If you’re male and straight, why not enjoy some Ohmiya action and wonder what it’d be like to be locked in Nino’s sexual powerhouse grip? If you’re liking GP Basic or Ebichuu, what’s wrong in indulging in a Nabokovesque daydream if that’s where your fancy takes you? The important part is remembering it’s a fantasy space, it’s all part of an imaginative exercise – idols aren’t real relationships, they’re pararelationships, and what we think of idols is a simulacra of how we can relate to real people, how we can deal with real emotional ties.
It’s just like falling in love, but with the safety net of being strictly on-the-screen and in-your-head. That’s an important limitation – and if we find ourselves thinking beyond that limit, to think liking Junnosuke of KAT-TUN may mean I would want a blonde Japanese boy in real life… Well, maybe one has stumbled on a greater truth than first suspected, and one has to tread so much more carefully if that’s the case.

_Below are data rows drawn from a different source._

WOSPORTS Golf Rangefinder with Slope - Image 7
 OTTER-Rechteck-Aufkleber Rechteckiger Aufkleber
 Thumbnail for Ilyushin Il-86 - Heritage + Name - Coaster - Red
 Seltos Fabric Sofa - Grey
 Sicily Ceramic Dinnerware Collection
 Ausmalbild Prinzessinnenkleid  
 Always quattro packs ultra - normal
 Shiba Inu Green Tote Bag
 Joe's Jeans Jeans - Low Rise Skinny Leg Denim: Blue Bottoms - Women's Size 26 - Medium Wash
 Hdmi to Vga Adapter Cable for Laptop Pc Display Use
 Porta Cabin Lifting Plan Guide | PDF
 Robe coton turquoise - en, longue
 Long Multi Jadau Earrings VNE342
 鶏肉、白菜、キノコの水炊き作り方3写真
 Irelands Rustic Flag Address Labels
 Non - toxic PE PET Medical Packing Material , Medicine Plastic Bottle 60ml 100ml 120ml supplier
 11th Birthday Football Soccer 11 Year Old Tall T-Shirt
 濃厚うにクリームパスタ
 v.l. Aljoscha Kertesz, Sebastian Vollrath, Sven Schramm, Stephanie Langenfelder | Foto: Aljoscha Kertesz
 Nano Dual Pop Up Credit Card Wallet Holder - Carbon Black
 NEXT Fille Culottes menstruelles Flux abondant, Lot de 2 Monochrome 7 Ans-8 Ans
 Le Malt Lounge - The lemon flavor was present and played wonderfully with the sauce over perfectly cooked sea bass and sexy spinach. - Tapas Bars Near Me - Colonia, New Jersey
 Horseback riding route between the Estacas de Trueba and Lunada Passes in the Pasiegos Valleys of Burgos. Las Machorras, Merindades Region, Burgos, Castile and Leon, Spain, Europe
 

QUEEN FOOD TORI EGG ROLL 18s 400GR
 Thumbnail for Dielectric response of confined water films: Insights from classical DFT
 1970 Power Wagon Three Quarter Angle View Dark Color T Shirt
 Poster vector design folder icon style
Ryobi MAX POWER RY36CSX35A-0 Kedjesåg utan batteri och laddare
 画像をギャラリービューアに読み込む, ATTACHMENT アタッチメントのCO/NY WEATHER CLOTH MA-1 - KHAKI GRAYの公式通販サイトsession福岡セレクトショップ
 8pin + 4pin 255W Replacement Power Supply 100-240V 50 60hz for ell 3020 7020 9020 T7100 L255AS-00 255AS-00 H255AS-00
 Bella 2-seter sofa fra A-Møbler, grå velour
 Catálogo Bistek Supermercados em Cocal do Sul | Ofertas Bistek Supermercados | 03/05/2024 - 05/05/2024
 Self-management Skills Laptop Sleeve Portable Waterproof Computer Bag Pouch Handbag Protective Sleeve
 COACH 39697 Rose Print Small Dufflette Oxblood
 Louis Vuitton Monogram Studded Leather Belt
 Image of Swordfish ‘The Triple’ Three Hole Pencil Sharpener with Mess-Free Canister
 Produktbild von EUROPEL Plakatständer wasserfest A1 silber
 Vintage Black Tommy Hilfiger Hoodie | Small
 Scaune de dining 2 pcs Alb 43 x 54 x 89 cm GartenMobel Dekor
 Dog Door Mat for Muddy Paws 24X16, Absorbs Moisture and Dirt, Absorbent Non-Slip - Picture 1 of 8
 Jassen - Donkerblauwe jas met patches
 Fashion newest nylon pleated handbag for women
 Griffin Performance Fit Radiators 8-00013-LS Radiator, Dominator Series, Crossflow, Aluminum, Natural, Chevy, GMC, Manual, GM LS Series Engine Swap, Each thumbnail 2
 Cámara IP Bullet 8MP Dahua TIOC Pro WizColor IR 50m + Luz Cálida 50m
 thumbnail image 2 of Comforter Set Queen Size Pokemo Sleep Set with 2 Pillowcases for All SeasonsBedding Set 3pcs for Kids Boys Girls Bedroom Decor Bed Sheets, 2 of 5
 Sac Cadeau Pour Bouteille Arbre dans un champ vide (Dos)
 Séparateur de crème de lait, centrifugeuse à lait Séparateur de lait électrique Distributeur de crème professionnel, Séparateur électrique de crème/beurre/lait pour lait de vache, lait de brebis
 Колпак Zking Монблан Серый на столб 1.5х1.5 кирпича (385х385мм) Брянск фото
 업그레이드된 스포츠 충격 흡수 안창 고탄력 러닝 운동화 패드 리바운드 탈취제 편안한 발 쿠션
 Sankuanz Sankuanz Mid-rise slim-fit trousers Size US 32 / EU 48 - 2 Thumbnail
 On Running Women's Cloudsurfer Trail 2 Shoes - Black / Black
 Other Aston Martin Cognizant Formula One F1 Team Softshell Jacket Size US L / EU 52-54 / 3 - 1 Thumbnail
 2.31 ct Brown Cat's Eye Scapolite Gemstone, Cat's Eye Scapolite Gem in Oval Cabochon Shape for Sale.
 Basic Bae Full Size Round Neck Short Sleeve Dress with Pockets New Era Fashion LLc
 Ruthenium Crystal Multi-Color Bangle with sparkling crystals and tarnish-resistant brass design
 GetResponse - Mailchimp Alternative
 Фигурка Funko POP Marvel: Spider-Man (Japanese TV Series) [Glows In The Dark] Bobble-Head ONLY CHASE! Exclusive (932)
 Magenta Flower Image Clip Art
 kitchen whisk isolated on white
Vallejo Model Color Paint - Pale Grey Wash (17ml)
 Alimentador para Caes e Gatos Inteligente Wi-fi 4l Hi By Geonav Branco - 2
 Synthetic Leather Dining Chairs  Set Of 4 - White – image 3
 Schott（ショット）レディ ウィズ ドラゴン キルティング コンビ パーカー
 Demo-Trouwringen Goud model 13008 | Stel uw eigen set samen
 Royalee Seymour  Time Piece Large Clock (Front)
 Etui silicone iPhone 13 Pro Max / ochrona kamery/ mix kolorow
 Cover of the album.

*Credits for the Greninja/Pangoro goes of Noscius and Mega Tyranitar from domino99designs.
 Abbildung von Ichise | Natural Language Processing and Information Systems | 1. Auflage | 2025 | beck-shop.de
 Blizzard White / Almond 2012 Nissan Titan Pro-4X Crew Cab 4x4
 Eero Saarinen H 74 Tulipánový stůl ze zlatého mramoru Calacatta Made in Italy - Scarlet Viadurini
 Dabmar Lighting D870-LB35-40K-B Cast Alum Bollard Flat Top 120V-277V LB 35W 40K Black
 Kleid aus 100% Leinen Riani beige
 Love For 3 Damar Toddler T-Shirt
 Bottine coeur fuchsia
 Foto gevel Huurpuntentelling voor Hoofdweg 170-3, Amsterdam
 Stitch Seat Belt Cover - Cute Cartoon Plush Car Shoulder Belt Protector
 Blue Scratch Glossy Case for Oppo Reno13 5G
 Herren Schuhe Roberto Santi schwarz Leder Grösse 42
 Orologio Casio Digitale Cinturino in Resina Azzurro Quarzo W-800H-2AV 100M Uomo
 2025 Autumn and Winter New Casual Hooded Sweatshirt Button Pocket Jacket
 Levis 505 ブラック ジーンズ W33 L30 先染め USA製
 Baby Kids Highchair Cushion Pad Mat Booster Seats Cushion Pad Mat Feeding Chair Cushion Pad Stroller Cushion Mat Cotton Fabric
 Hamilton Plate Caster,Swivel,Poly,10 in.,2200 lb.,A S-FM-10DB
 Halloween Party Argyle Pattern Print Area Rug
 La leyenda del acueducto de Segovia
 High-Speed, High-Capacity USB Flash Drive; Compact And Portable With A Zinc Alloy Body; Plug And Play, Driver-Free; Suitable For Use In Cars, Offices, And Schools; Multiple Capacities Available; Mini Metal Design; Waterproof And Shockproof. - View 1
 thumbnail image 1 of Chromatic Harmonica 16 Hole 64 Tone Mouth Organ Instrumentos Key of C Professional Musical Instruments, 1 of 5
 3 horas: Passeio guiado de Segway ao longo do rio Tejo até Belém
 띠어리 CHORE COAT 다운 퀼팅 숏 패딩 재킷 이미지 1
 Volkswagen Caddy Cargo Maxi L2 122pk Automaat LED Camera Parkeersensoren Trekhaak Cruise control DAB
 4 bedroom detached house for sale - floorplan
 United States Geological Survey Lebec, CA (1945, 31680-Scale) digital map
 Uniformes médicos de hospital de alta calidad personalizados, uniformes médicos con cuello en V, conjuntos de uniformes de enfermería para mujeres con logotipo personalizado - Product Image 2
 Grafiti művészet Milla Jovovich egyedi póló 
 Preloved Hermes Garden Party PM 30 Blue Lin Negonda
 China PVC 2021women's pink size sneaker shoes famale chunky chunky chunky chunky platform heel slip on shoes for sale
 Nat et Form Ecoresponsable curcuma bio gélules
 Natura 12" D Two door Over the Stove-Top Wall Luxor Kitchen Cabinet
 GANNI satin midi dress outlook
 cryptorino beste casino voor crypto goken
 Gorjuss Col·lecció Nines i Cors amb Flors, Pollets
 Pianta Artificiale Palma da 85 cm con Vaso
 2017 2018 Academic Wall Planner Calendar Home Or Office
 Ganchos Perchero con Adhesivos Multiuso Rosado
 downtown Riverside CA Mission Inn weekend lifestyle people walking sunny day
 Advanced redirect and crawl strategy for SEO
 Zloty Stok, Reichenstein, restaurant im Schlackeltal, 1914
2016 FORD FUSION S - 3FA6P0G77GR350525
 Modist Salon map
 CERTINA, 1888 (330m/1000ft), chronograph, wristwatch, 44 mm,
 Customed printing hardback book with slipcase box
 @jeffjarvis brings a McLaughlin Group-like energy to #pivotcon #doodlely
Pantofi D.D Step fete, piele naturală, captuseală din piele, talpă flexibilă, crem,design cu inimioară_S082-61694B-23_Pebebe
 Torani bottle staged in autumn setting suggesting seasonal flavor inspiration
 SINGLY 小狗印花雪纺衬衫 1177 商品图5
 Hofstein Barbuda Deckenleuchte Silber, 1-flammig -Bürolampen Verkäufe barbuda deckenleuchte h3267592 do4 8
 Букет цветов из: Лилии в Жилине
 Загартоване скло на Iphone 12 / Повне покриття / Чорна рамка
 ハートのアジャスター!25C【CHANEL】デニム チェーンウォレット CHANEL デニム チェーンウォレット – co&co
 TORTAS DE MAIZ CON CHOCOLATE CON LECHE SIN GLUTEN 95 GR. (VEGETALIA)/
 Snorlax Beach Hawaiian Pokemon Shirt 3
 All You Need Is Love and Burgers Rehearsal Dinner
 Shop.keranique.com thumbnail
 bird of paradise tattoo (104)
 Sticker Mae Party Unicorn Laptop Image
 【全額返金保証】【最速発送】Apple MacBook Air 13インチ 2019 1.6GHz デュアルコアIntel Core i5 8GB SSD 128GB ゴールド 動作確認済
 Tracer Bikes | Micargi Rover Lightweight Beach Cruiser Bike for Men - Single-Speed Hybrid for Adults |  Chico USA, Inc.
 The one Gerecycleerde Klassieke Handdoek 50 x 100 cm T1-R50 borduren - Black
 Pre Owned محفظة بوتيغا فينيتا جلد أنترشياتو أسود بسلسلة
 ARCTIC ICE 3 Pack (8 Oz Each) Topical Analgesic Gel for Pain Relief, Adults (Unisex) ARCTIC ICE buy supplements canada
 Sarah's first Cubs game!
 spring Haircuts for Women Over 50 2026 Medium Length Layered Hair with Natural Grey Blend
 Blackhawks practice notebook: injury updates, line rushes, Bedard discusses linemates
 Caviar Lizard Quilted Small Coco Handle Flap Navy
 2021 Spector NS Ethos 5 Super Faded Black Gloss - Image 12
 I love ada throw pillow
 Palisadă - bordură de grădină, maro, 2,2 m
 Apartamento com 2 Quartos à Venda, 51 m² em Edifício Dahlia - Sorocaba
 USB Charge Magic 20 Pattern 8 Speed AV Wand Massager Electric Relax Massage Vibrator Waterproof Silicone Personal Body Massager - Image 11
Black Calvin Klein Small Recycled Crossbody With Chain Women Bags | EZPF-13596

Yes, self-discovery can be ushered in by idols and idol love, but the step into everyday realities means lust and caution must go hand-in-hand. And while I don’t think it’s unheard of, I’m willing to bet that if you’re already agonizing over whether or not you’re queer just because a KAT-TUN video gives you a hard-on, then idols probably aren’t the first time this dilemma came up, so to speak.
So get your freak on, heed Amuro Namie’s words to “Want Me, Want Me”, and have fun with what’s out there! Just remember to check your head once in a while, or you’ll end up in front of a judge going, “I swear to God I thought that goat was over eighteen.”